LOS ANGELES — Sometimes the hitting goes bad and costs you a game. Sometimes, the pitching is the culprit. And sometimes, the paperwork gets screwed up.
Jose Berrios allowed four runs in an ugly fourth inning, and the Twins once again failed to capitalize when they put runners in scoring position. But the enduring image of the Twins' third straight loss, 6-2 to the steamrolling Dodgers, will be umpires Lance Barrett and Bill Welke putting Paul Molitor through a lengthy mid-game tax audit.
With the Twins trying to keep their sixth-inning deficit at a manageable two runs, Molitor decided to execute a double-switch, inserting utility infielder Ehire Adrianza at shortstop, batting ninth, and reliever Ryan Pressly in the seventh slot, replacing shortstop Jorge Polanco. But as soon as Pressly threw a pitch, Dodgers manager Dave Roberts emerged with a complaint for Barrett: This isn't the switch you told us about.
"What I think I said [to Barrett] and what he heard were two different things," Molitor said.
Specifically, when Molitor explained what he called "a pretty obvious double-switch," Barrett wrote down something completely different: Pitcher Matt Belisle was going to left field, replacing Eddie Rosario as the fifth batter, and Ryan Pressly was pitching and batting seventh. No, it didn't make sense to Molitor, either, but "that's what he wrote down" and relayed to Roberts. "I don't know if I said a wrong name, or what I possibly might have said. I can't imagine I said Belisle for Rosario, but he heard what he heard," the manager said. "And if I didn't make it clear, that was my responsibility."
The umpires insisted that Rosario was out of the game, and Molitor eventually send Adrianza out to left field to explain it to Rosario and send him in. Even though Polanco was not in the game when it resumed, the umpires allowed him to return to the field, and he took his spot against at shortstop. "They looked at that as a correctable mistake," Molitor said. Was Belisle then disqualified from a game he never actually entered? "They didn't clarify that," Molitor said. "If I needed Belisle, I would have had to go see what his status was, if that was also a correctable mistake."
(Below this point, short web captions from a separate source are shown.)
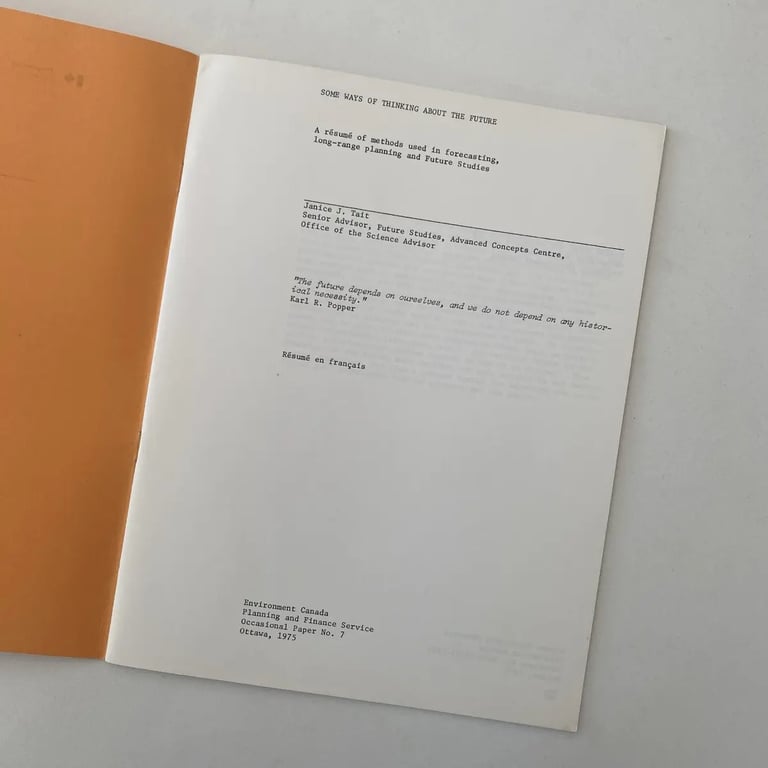 A photo from the book Some Says of Thinking About the Future by Janice Tait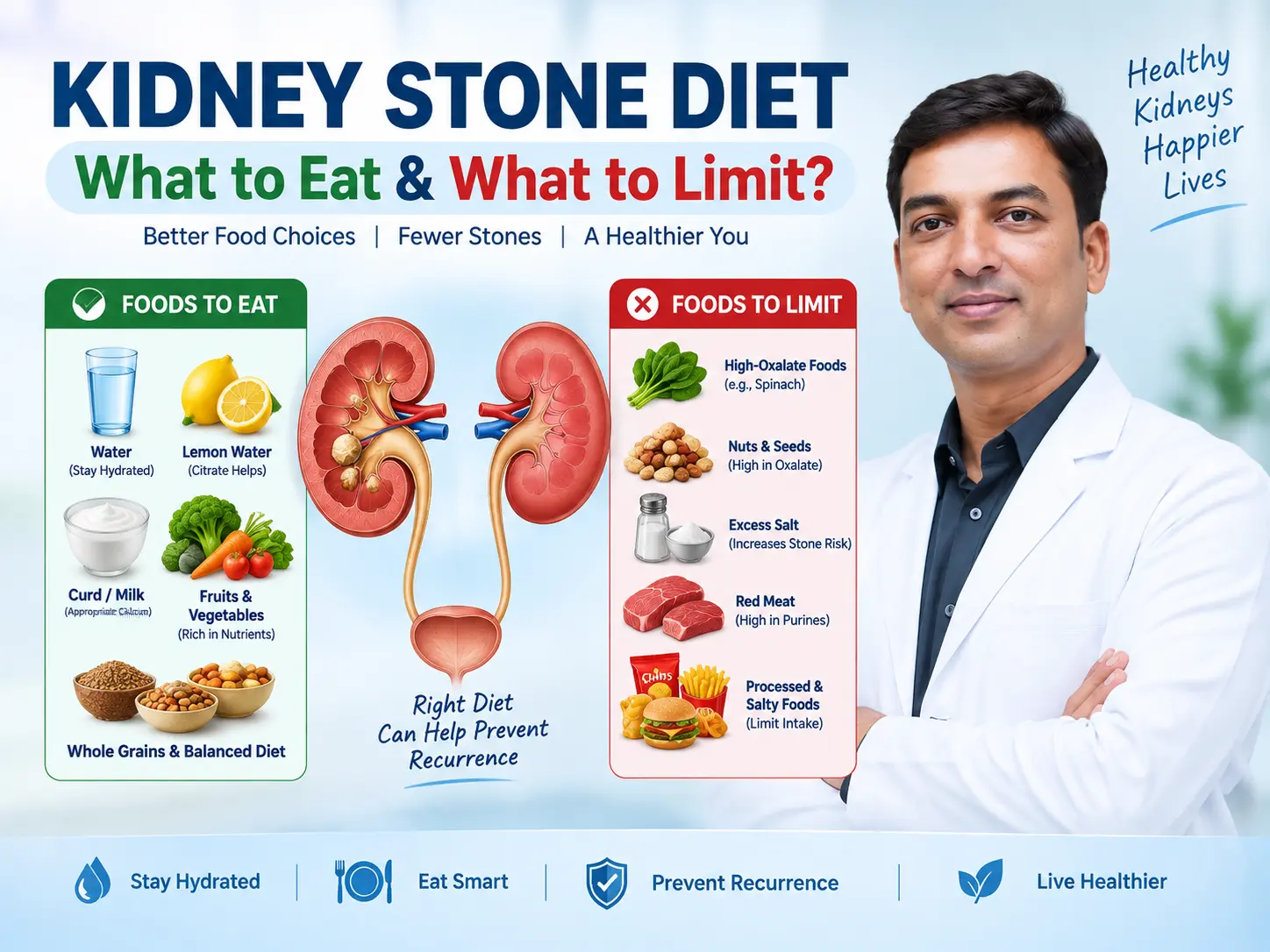 Doctor explaining kidney stone prevention diet and follow-up care to a patient
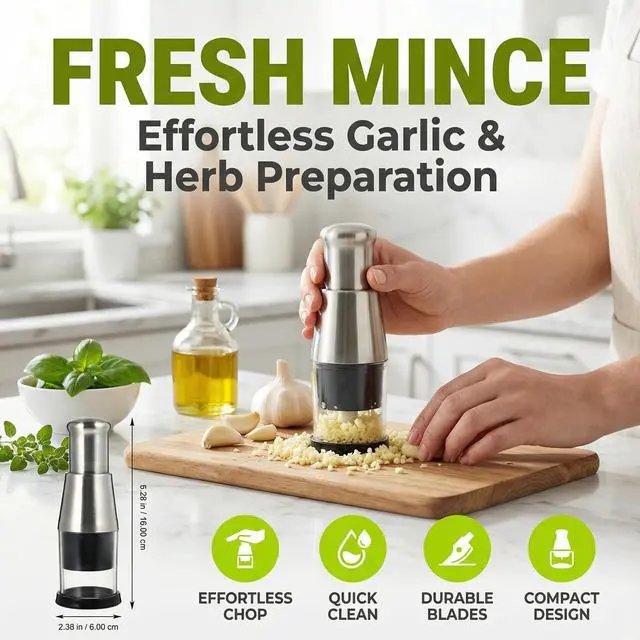 Alt view image 3 of 7 - Manual Garlic Crusher 6.29 Inch Stainless Steel Garlic Press and Mini Vegetable Chopper Kitchen Tool for Food Preparation and Cooking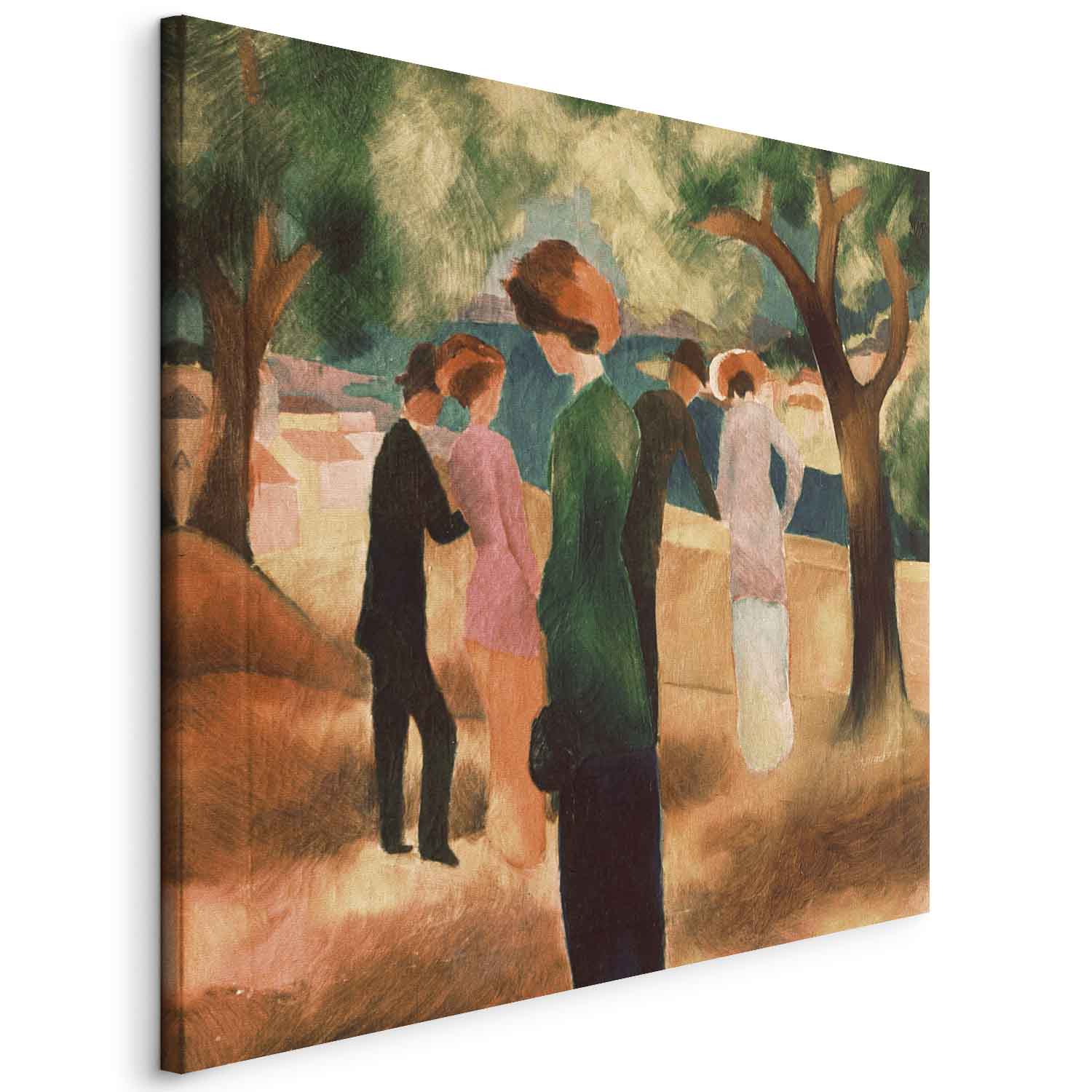Lady in Green Jacket Classic Canvas Print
Even after Molitor gave up on his argument and made the changed insisted upon, Barrett and Welke put on headphones to communicate with MLB's replay office in New York, a discussion that added another 10 minutes to the delay. Finally, after an 18-minute interruption that had the rapidly thinning Dodger Stadium crowd chanting, "Let's play baseball!" the game resumed — and Pressly, who warmed up three times while waiting to pitch, surrendered three hits in quick succession to Yasiel Puig, Logan Forsythe and Chris Taylor, the latter two run-scoring hits that extended the Dodgers' lead and helped drop the Twins below .500 for the first time since they were 10-11 on April 27.
"If something was miscommunciated, that's my issue," the manager said. "I told my team, I put them in a bad spot by not making it clear, and we had to play the game out from there."